- Episode no.: Season 6 Episode 1
- Directed by: Chris Long
- Written by: Joel Fields; Joe Weisberg;
- Production code: BDU601
- Original air date: March 28, 2018
- Running time: 53 minutes

Guest appearances
- Reed Birney as Patrick McCleesh; Scott Cohen as Glenn Haskard; Lev Gorn as Arkady Ivanovich Zotov; Laurie Holden as Renee; Miriam Shor as Erica Haskard; Anthony Arkin as Stavos; Michael Khmurov as General Kovtun;

Episode chronology
| ← Previous "The Soviet Division" | Next → "Tchaikovsky" |
- The Americans season 6

= Dead Hand (The Americans) =

"Dead Hand" is the sixth season premiere of the American television drama series The Americans, and the 66th overall episode of the series. It originally aired on March 28, 2018 in the United States on FX.

==Plot==
In the three years between 1984 and 1987, Philip has become a full-time travel agent running an expanded Dupont Circle Travel, Henry attends boarding school and plays hockey, and Paige attends George Washington University in D.C. and is a Soviet agent in training (and also is learning about Russia by watching Soviet movies with Elizabeth and Claudia). Stan has married Renee and has moved out of FBI counterintelligence except for the now-married Sofia and Gennadi (whom he still handles with his ex-partner Dennis Aderholt, the new head of counterintelligence), while Elizabeth is exhausted and resentful from handling a full KGB case load alone nine weeks before the Reagan-Gorbachev summit in D.C. (December 8–10, 1987), with most of her work focused on the summit.

Claudia informs Elizabeth that she has been ordered by certain unknown parties in the Center to travel to Mexico City and meet with General Kovtun of the Soviet Strategic Rocket Forces, who tells her about "Dead Hand" (a doomsday device) and the Soviet military's plan to overthrow Gorbachev if he renounces it. Kovtun asks Elizabeth to spy on a Soviet negotiator, Fyodor Nesterenko, who is meeting with American negotiator Glenn Haskard (whom Elizabeth is monitoring as "Stephanie", a home health care aide for his wife Erica, a terminally ill artist). Kovtun also gives Elizabeth a cyanide pill to take if captured.

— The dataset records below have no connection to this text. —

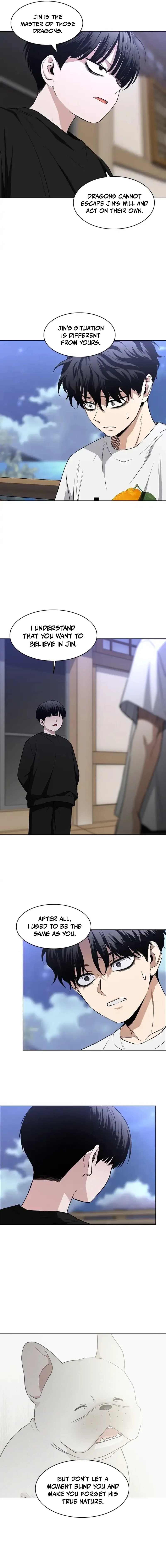 Jakdu Chapter 88 - A Specific Reason Page 15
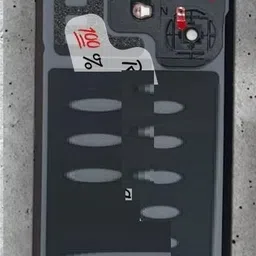 AL HAYY TRADERS FOR. Realme gt neo6 Back Panel image 2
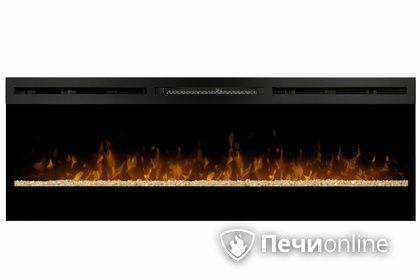 Электрический очаг Dimplex Galveston в Анапе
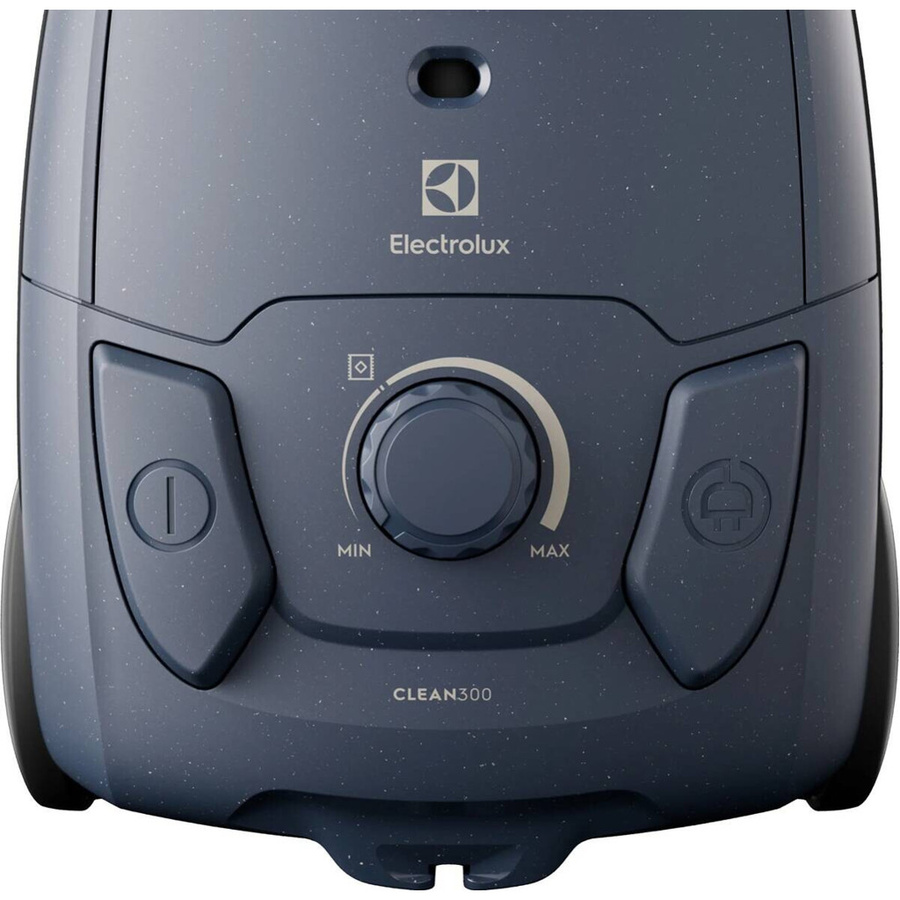 Electrolux Staubsauger Serie 300 EB31C1DB in Navy Blau mit Tierhaardüse und Hartbodenaufsatz - Bild 3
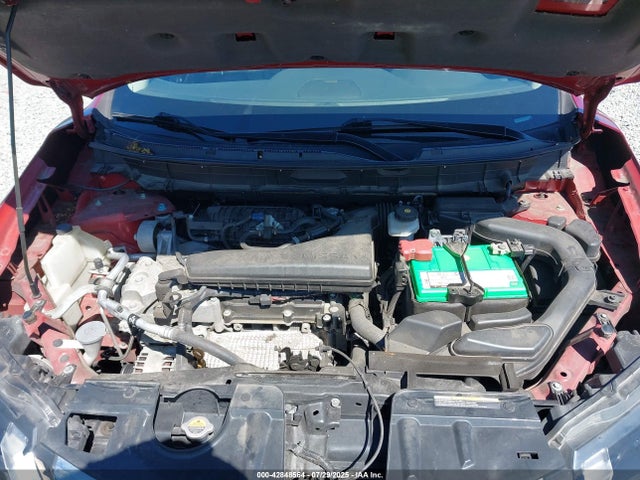 Nissan 2018 2018 5N1AT2MVXJC772157 Image 10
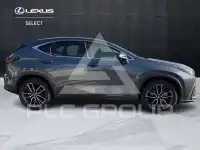 2022 Lexus NX300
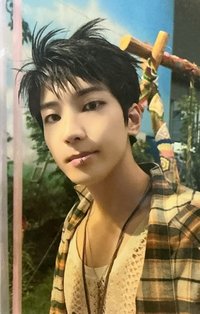 MINI11 sponge 克拉版 特典卡 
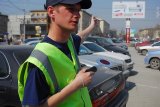 З 10 серпня паркувальників у Києві не буде, &ndash; Кличко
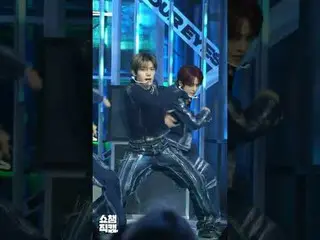 [Show Champion 1min Fan Cam] CLOSE YOUR EYES_ _  JEON MINWOOK(CLOSE YOUR EYES_  
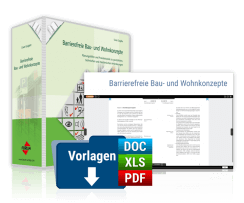 Barrierefreie Bau- und Wohnkonzepte Barrierefreie Bau- und Wohnkonzepte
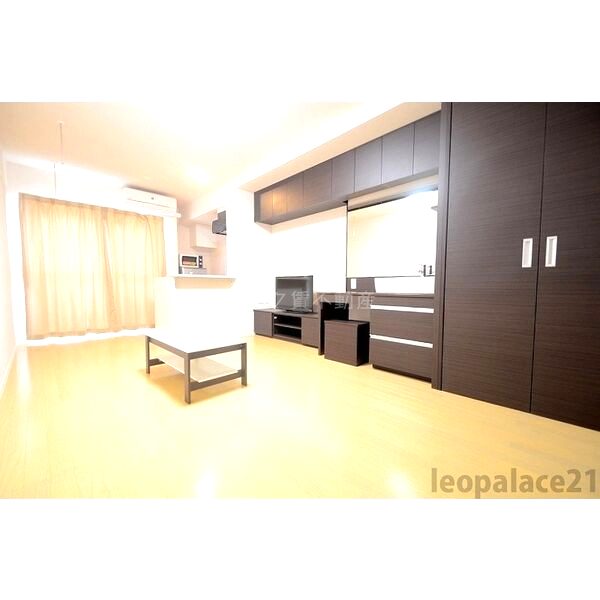 レオネクストボンの室内写真20枚目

Meanwhile in the USSR, Arkady, now deputy chief of Directorate S and a Gorbachev supporter, recruits Oleg, now married (out of which has a son) and out of the KGB (but also a Gorbachev supporter), to travel to the US and ask Philip to uncover and if possible, stop Elizabeth's unapproved new mission. Due to internal Soviet opposition to Gorbachev within the Center, Arkady cannot trust his own officers with this task. After arriving in D.C., Oleg signals Philip and then meets with him, telling Philip that he will stay in D.C. (without official cover) to await Philip's answer.

While Paige is on a surveillance detail, a young US security officer tries to coerce her for a date by taking her fake college ID. Elizabeth praises her for keeping her cover, but she realises it is too risky for that officer to keep Paige's fake ID. Elizabeth tracks him down, stabs him and recovers the ID.

That night, when Philip tries to tell Elizabeth about Oleg's visit and points out the emotional toll of her job, she rudely dismisses him.

==Production==
The episode was written by Joel Fields and series creator Joe Weisberg and directed by Chris Long. The Soviet movie watched by Paige, Elizabeth, and Claudia in the episode was the 1980 Academy Award winner for Best Foreign Language Film, Moscow Does Not Believe in Tears.

The episode "Dead Hand" is dedicated to the memory of Ning Li, who worked in the Series Camera and Electrical Department as Digital Media Manager from 2014-2016. Ning Li died 1 November 2017, in Brooklyn New York. He was 43.

==Reception==
In its original American broadcast, "Dead Hand" was seen by an estimated 642,000 household viewers and gained a 0.14 ratings share among adults aged 18–49, according to Nielsen Media Research.

"Dead Hand" received critical acclaim. On Rotten Tomatoes, the episode has a 100% approval rating with an average score of 9.8 out of 10 based on 14 reviews, with the consensus stating: "Tensions mount in 'Dead Hand,' an unusually fast-paced installment that barrels toward the show's seemingly inevitable endgame." The A.V. Club gave the episode a perfect A grade. Alan Sepinwall from Uproxx reviewed it positively saying, "'Dead Hand' wastes little time in establishing just how bad the conclusion could be for all involved."